┌─ DATASET

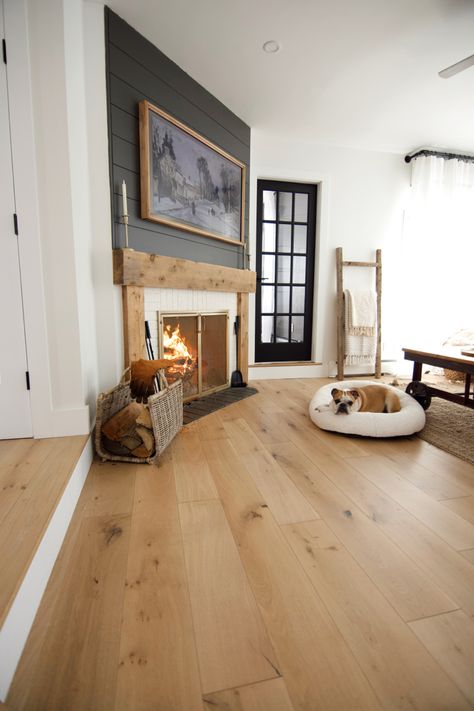 Light Wood Floors White Walls Black Accents, Dark Wood Floors White Walls, White Oak Vinyl Plank Flooring, Black Shiplap Fireplace, Golden Oak Floors, Natural Modern Interior, Black Brick Fireplace, Staining Wood Floors, Dark Oak Flooring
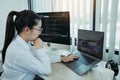 Asian female software developer is worried about analyzing code-based systems at his office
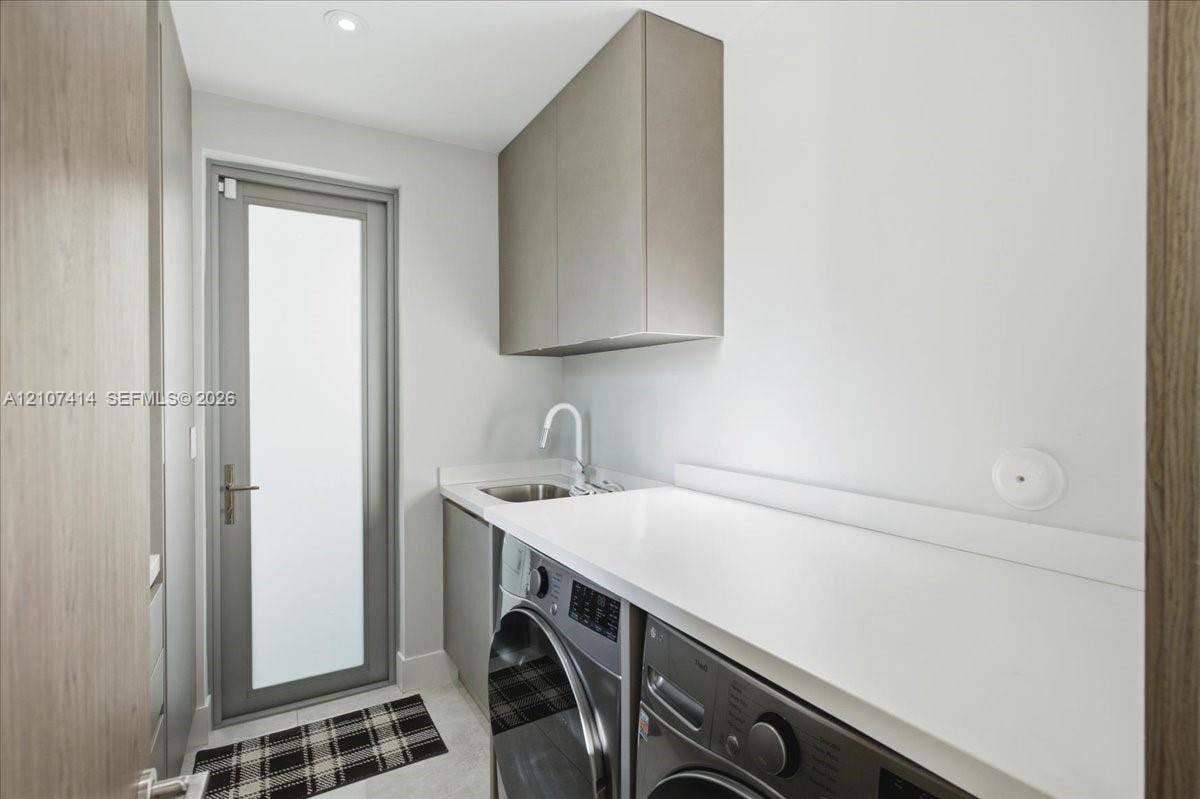 Utility room featuring custom cabinetry, a solid surface countertop, an undermount sink with a high-arch faucet, and a glass-panel door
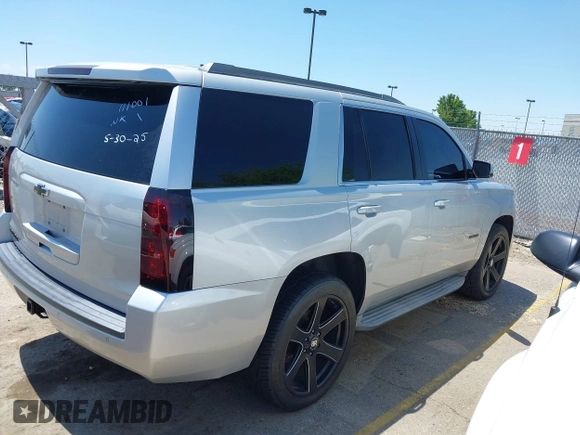 2015 Chevrolet Tahoe LT with VIN 1GNSCBKC9FR111001, listed as a IAAI auction lot 42440624 with 128,087 mi miles and . Bid and sale history available at DreamBid. Image 4.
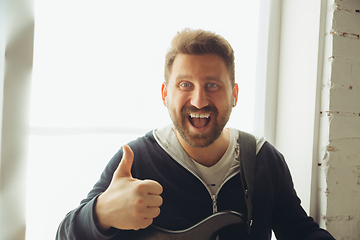 Image showing Caucasian musician greeting audience during concert at home isolated and quarantined, smiling, cheerful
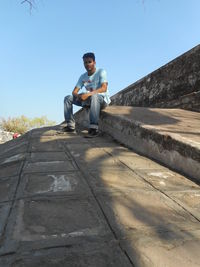 Man sitting on retaining wall against clear sky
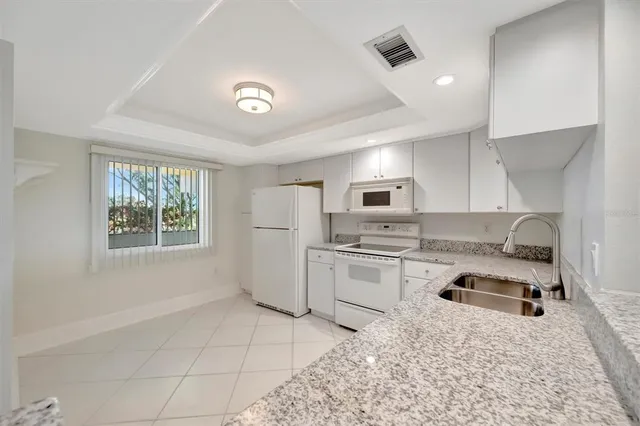 a kitchen with granite countertop white cabinets white stainless steel appliances with a sink and dishwasher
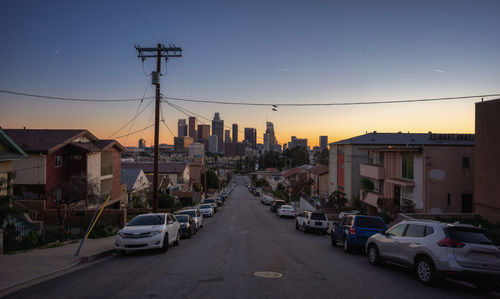 Cars on road by buildings against sky at dusk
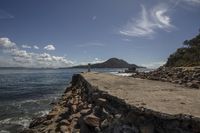 an empty sandy beach and a lone rock wall by the ocean and a mountain in the distance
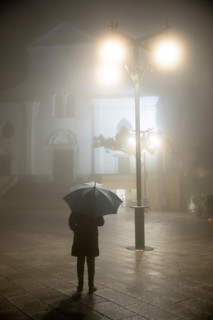 Person with umbrella standing under street lamp in front of the duomo in rain and fog at night, Ravello, The Amalfi Coast, Campania, Italy, Europe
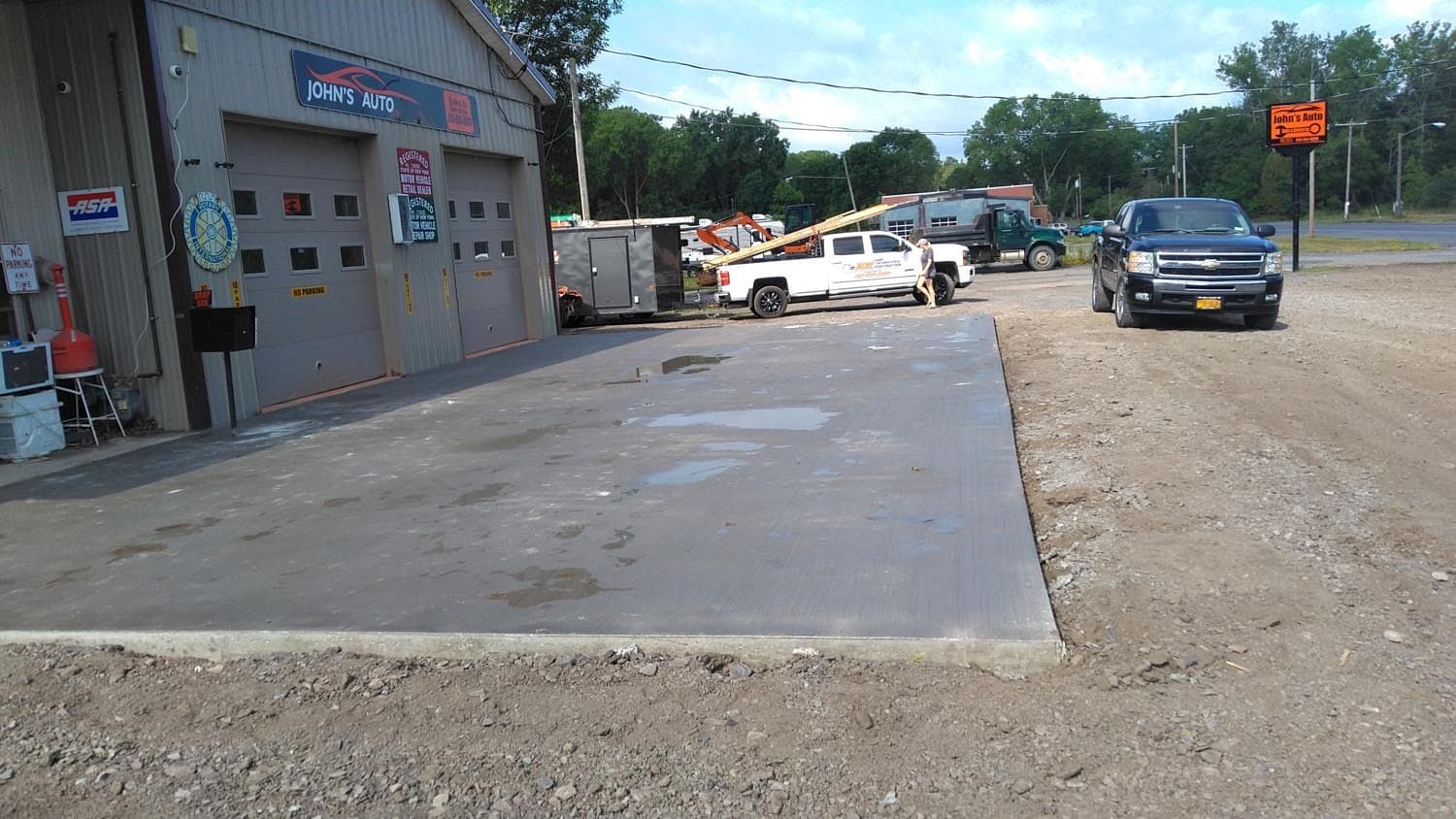 Fresh concrete driveway at John's Auto shop with vehicles and construction equipment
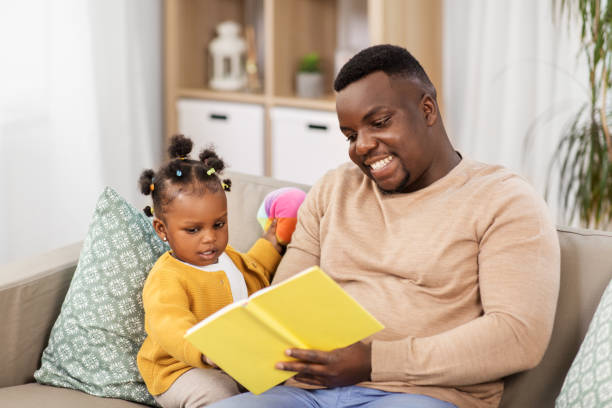 istock african father reading book for baby daughter 1347251725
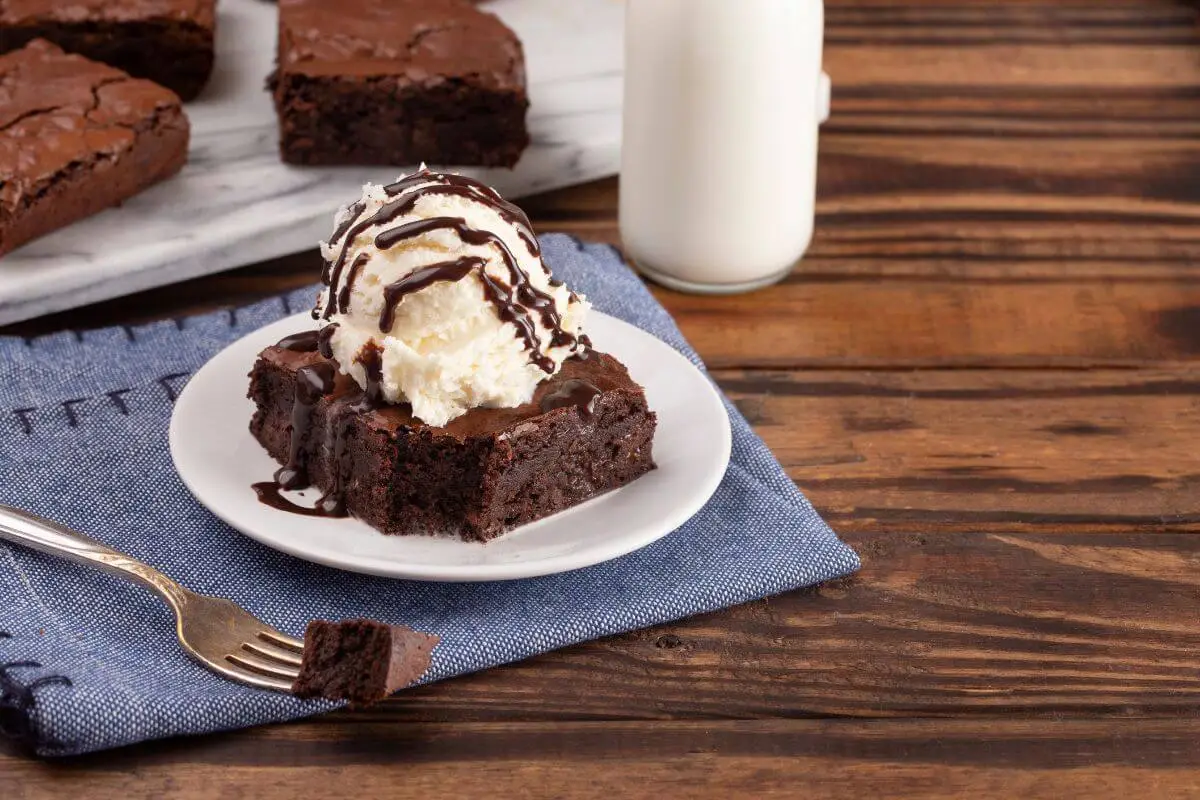 Gooey chocolate brownie sundae with vanilla ice cream and chocolate syrup.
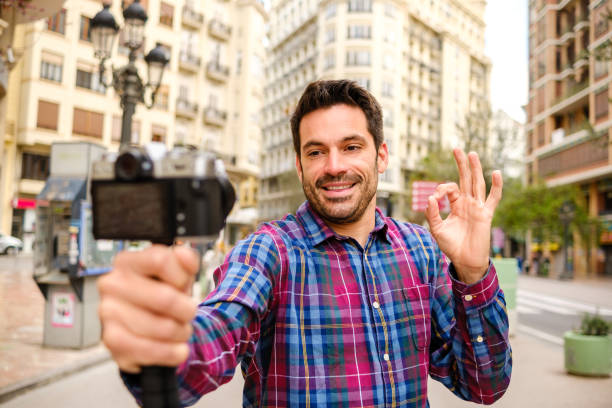 istock Man records a video with a camera in a city 1313624542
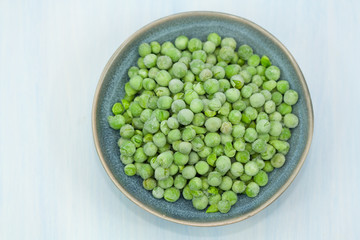 Frozen green peas in a bowl.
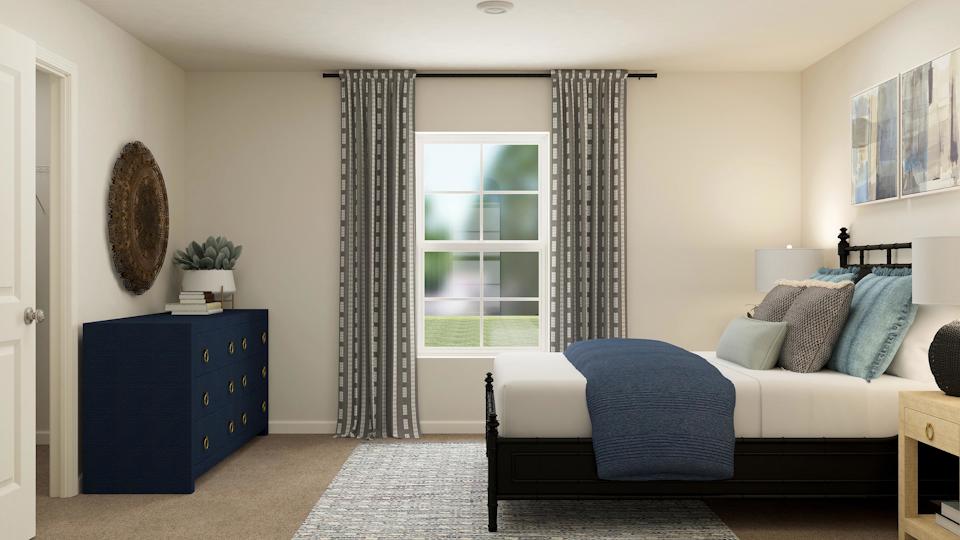 A bedroom with a bed and a window.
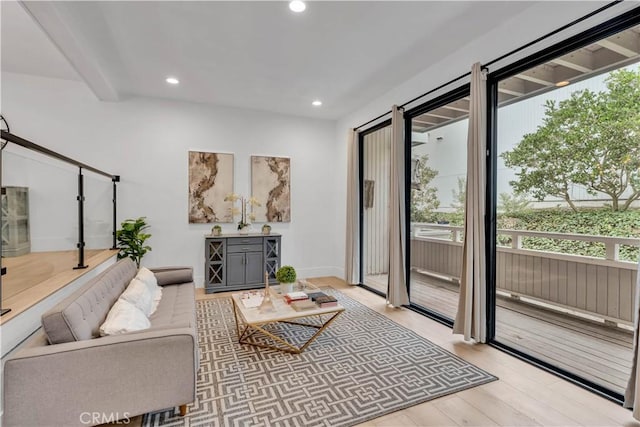 living room with beam ceiling and light hardwood / wood-style flooring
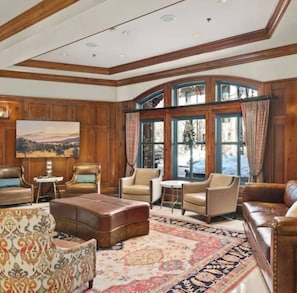 A spacious living room with leather sofas, a patterned rug, and large windows with curtains.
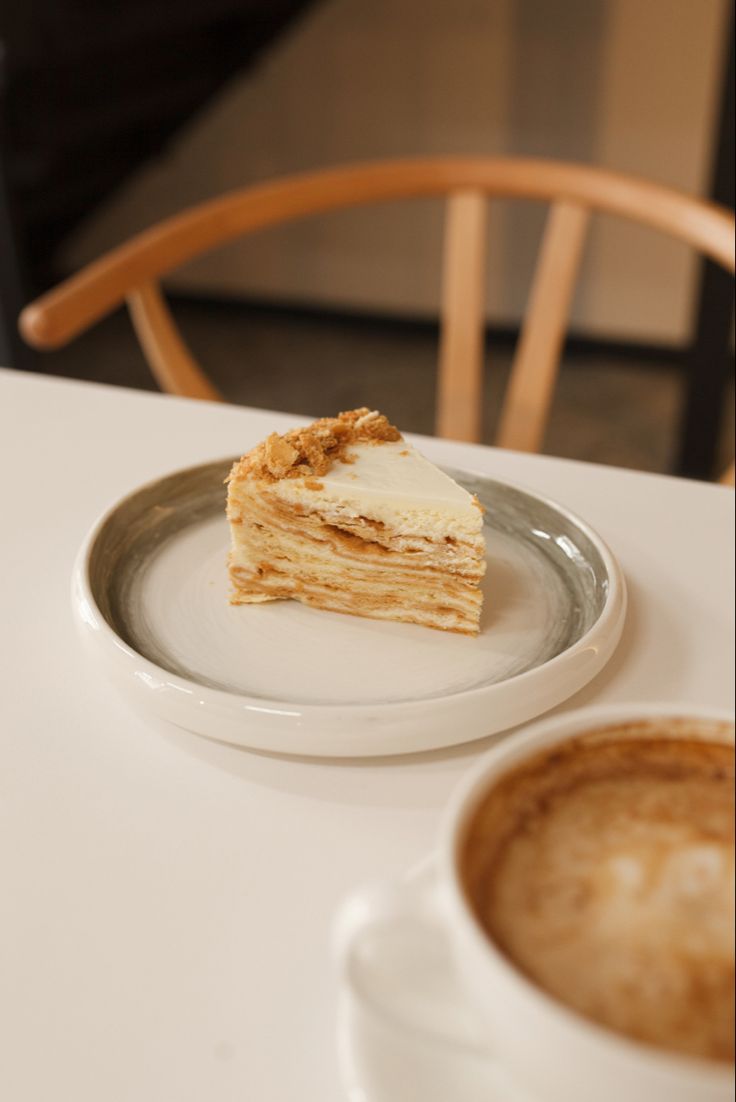 a piece of cake sitting on top of a plate next to a cup of coffee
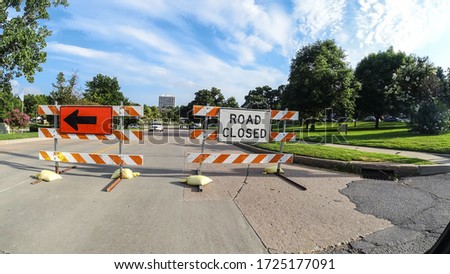 Road Closing and Detour signs blocking road during an event with Police cars and people walking in the distance in summer under pretty sky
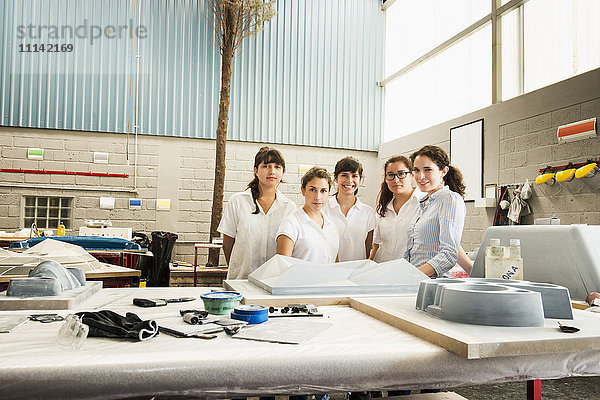 Lächelnde Arbeiter in einer Produktionsstätte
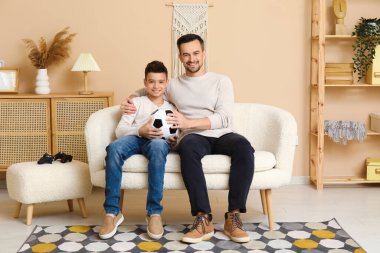 Mutlu baba ve küçük oğlu evde kanepede futbol topuyla.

└─

TASK GOAL
Exactly as written, reproduce the lines from the one containing "a kitchen with" through the last line of the entries above, and leave every picture out.

ANSWER SECTION
 a kitchen with granite countertop white cabinets white stainless steel appliances with a sink and dishwasher
 Cars on road by buildings against sky at dusk
 an empty sandy beach and a lone rock wall by the ocean and a mountain in the distance
 Person with umbrella standing under street lamp in front of the duomo in rain and fog at night, Ravello, The Amalfi Coast, Campania, Italy, Europe
 Fresh concrete driveway at John's Auto shop with vehicles and construction equipment
 istock african father reading book for baby daughter 1347251725
 Gooey chocolate brownie sundae with vanilla ice cream and chocolate syrup.
 istock Man records a video with a camera in a city 1313624542
 Frozen green peas in a bowl.
 A bedroom with a bed and a window.
 living room with beam ceiling and light hardwood / wood-style flooring
 A spacious living room with leather sofas, a patterned rug, and large windows with curtains.
 a piece of cake sitting on top of a plate next to a cup of coffee
 Road Closing and Detour signs blocking road during an event with Police cars and people walking in the distance in summer under pretty sky
 Lächelnde Arbeiter in einer Produktionsstätte
 Mutlu baba ve küçük oğlu evde kanepede futbol topuyla.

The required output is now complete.